Task goal
From the line containing "ボリューム深Vネックニット　A0193" through the last line of the data, both ends included, write out every line exactly; omit the pictures.

Data records
Segment Open
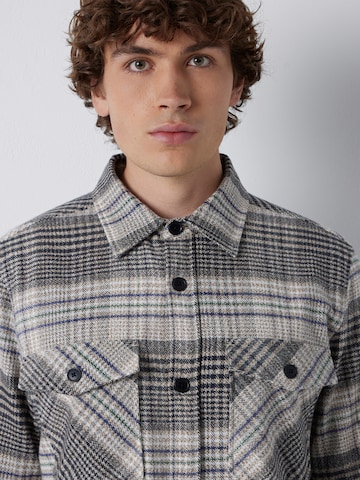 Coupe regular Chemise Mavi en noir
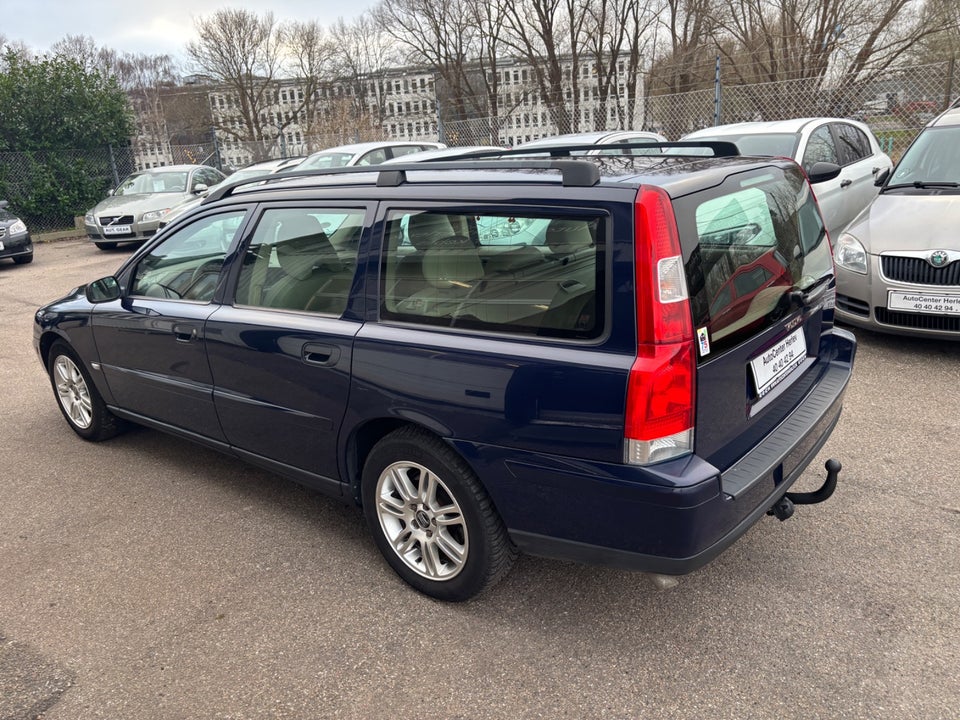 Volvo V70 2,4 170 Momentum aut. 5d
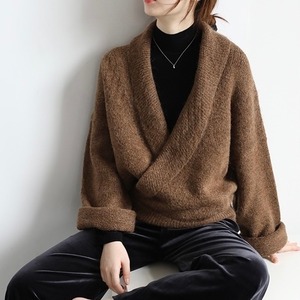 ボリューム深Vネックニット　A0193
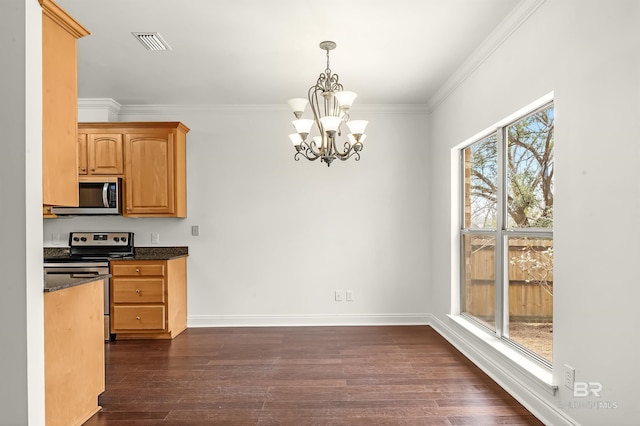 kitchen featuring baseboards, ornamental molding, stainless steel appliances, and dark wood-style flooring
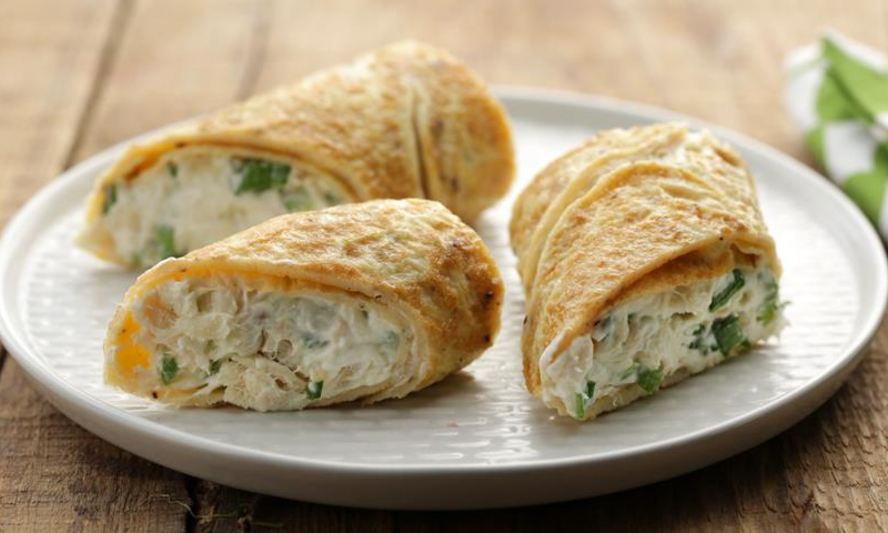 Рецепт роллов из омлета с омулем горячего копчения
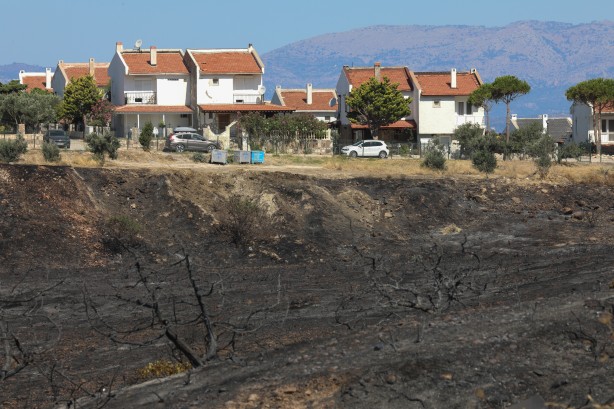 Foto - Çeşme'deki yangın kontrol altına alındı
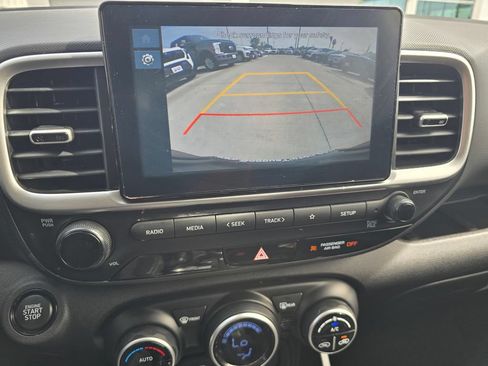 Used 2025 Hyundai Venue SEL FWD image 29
Segment Closed
Exercise answer
 ボリューム深Vネックニット　A0193
 kitchen featuring baseboards, ornamental molding, stainless steel appliances, and dark wood-style flooring
 Рецепт роллов из омлета с омулем горячего копчения
 Foto - Çeşme'deki yangın kontrol altına alındı
 Used 2025 Hyundai Venue SEL FWD image 29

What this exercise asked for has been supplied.